"Being a Negro in the middle of white people is like being alone in the middle of a crowd," says Mrs. Jacqueline Robbins, a young Negro housewife who lives in the Chicago suburb of Park Forest, Ill.
In December, 1962, Mrs. Robbins and her chemist husband Terry, 32, and their two sons moved into the then all-white suburb, whose first, and only, Negro family had just recently moved out. "I was apprehensive," she recalls. "If anything happened, I knew I'd be here by myself."
Even before the Robbinses arrived, there had been an ugly incident. A man renting a house next door had gotten the landlord to put up a fence so he would not be able to see the newcomers. The fence was painted white on his side and black on the Robbinses' side. An off-duty policeman had to come over and repaint the fence all white.

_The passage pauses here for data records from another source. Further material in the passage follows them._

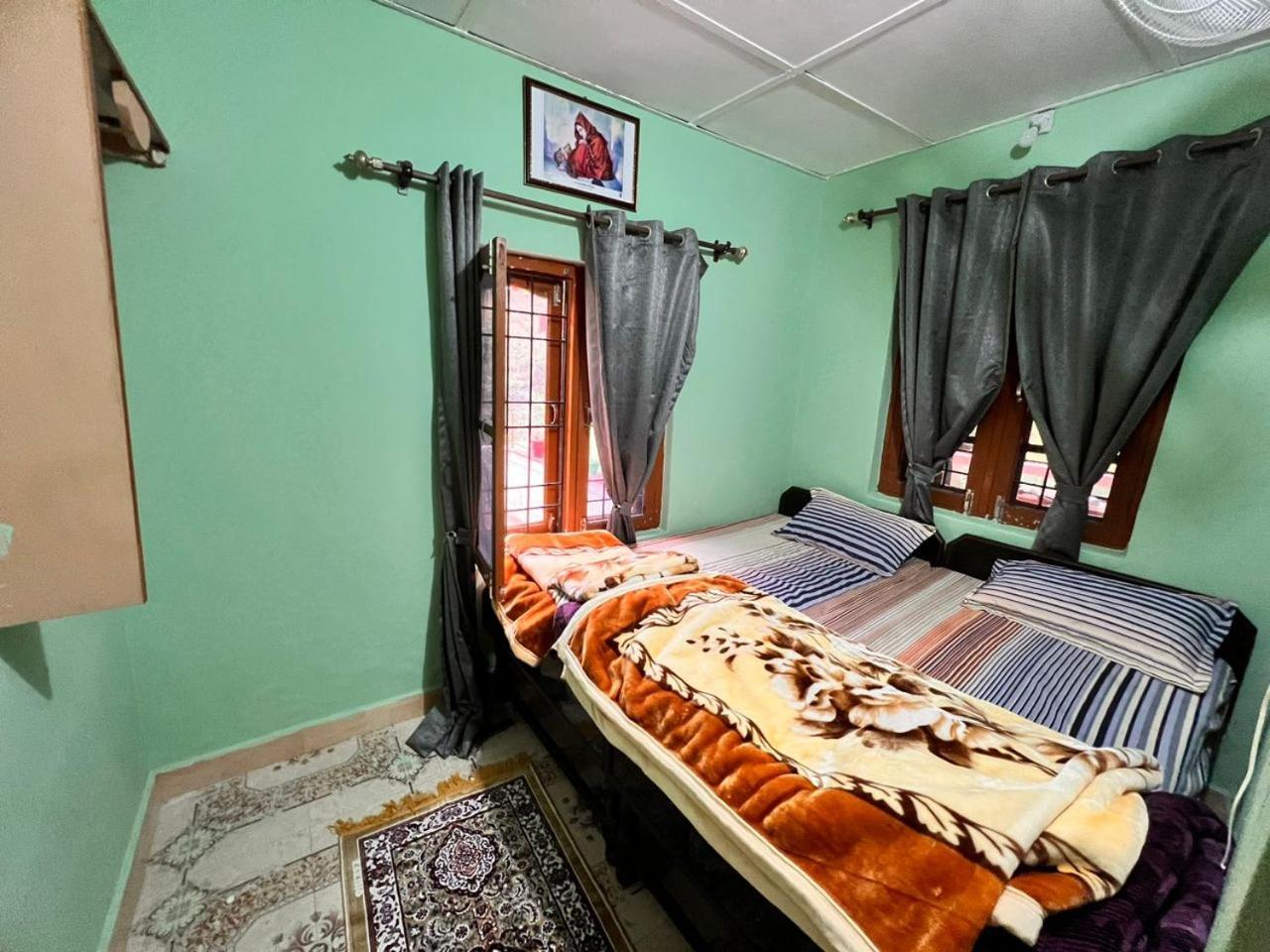 Tathastu Bir -Homestay ,Dorm,Hostel Exterior photo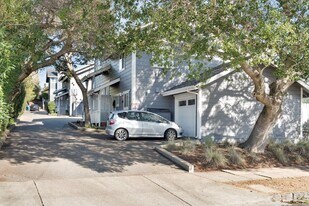 418 Upham St, Unit 418B in Petaluma, CA - Building Photo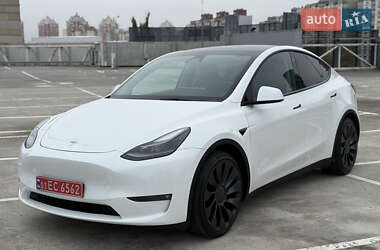 Tesla Model Y 2022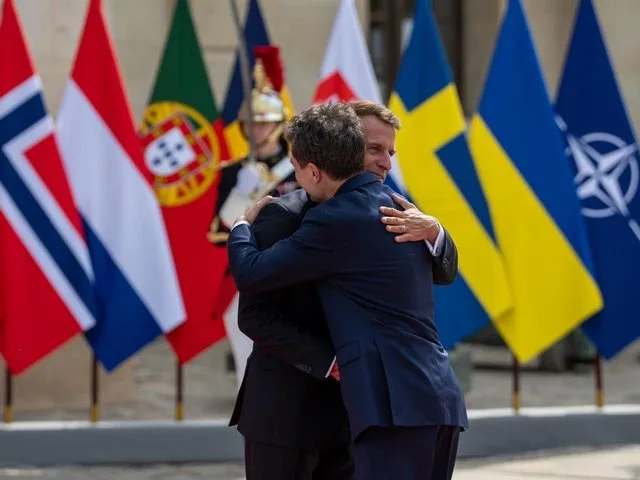 Nicușor Dan și Emmanuel Macron discutând despre securitatea regională.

"There was garbage on the lawn," says Mrs. Robbins. "And some teenagers parked in front shouting: 'Nigger, nigger, nigger.'"

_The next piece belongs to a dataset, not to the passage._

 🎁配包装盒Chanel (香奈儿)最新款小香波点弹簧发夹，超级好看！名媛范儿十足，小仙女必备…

But that was the worst of it, and Mrs. Robbins has more pleasant memories: "Like the unexpected night visitors who came to our door on Christmas Eve, a few weeks after we moved in. They sang Christmas carols and made us feel welcome. It was just wonderful."
The Robbinses are not alone. Although Negroes are still a rarity in the green reaches of suburbia, they are emerging from nearly all the large metropolitan ghettos with increasing frequency. In Chicago last year, 179 Negro families moved into white suburbs--more than twice as many as in the previous year, seven times as many as in 1963, and 45 times as many as in 1961 and 1962 combined.
Until four years ago, hardly any Negroes lived in the Virginia and Maryland suburbs of Washington D.C., which now hold well over 600 Negro families. The New York bedroom towns on Long Island and in Westchester County have many hundreds of Negro newcomers. The Levitt-built town of Willingboro, N.J ., houses over 100 Negro families. Negroes live in pleasant Shaker Heights Ohio, outside Cleveland. For the first time, ghetto-locked Negroes are movin to outlying areas of metropolitan San Francisco and Los Angeles.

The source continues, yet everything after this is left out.